Details of initial convergence towards typical set in Hamiltonian Monte Carlo

After reading the introductory HMC paper, I’m confused about the initial warm-up phase. What exactly is happening there?

I’m especially interested in the mathematical details behind

a) The chain rapidly approaching the typical set, and

b) warm-up stopping criteria, i.e. how the chain knows that it got close enough to the typical set and can start leapfrogging now.

Thank you

There are a lot of mathematical details here.

a) You want to look at convergence of MCMC to the stationary (aka equilibrium) distribution.

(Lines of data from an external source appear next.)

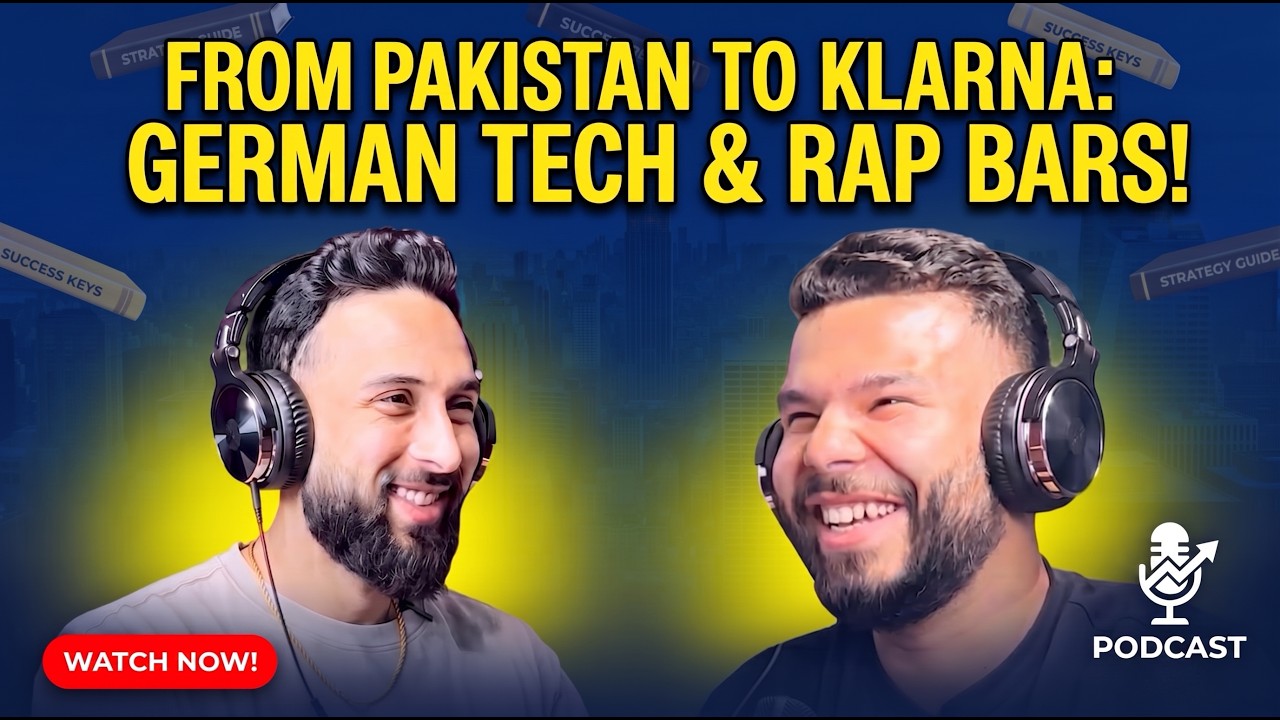 From Pakistani Student to Klarna Manager & Rapper in Germany | Rise with Ishan ft. Ammar Jafri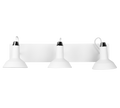 ROXIE | Spot | White mat | Metal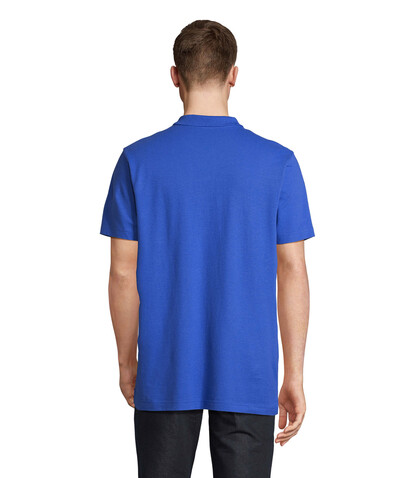 PULSE UNISEX POLO - Royal Blue bedrucken, Art.-Nr. S04502-RB-3XL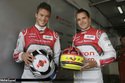 André Lötterer et Benoît Tréluyer (Audi Sport Team Joest)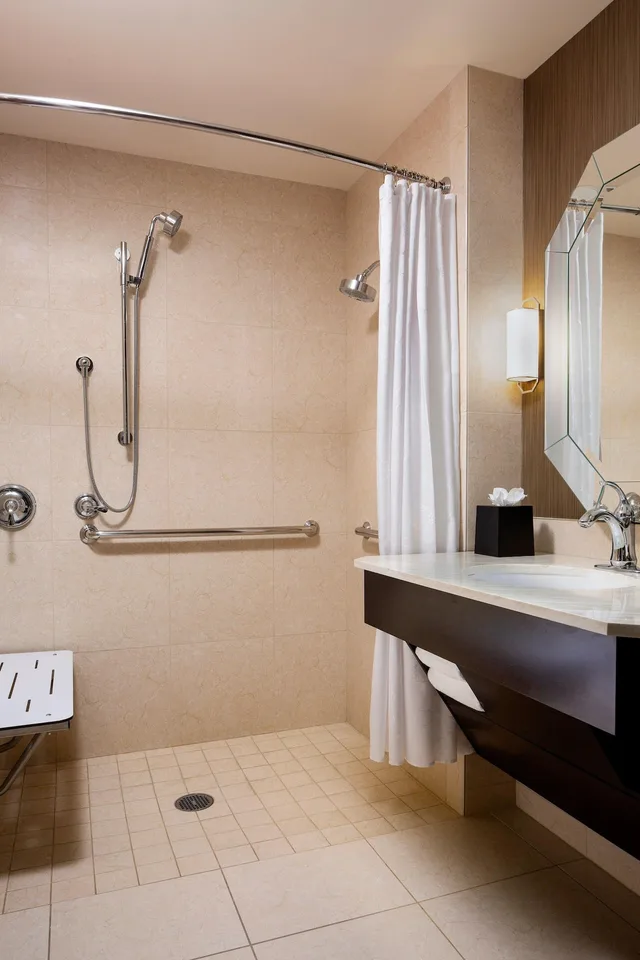 غرفة بريميوم بسرير كينج، SHERATON MCKINNEY HOTEL 9/10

There are lots of ways to measure that. In cases where you can prove geometric ergodicity, you get exponential decay in total variation distance (i.e., the maximum error in calculating an event probability). Another approach is to look at convergence of square error in expectations. You can also do this empirically by monitoring the trace plot of the log density function. When it asymptotes and then starts bouncing around, you’re there. I really like this paper for a good high-level and not too mathematically intense intro from Roberts and Rosenthal:

Section 3.4 covers geometric ergodicity. Since you asked for math, here are two papers about geometric ergodicity for HMC:

b) We don’t have warmup stopping criteria in Stan. We run HMC/NUTS and hence leapfrog, during warmup. By default, Phase I of warmup runs 75 iterations (when there are 1000 warmup iterations), because we’ve found that works well empirically. Sometimes it takes a little longer. It’d be better to control this somehow, but we haven’t tried yet.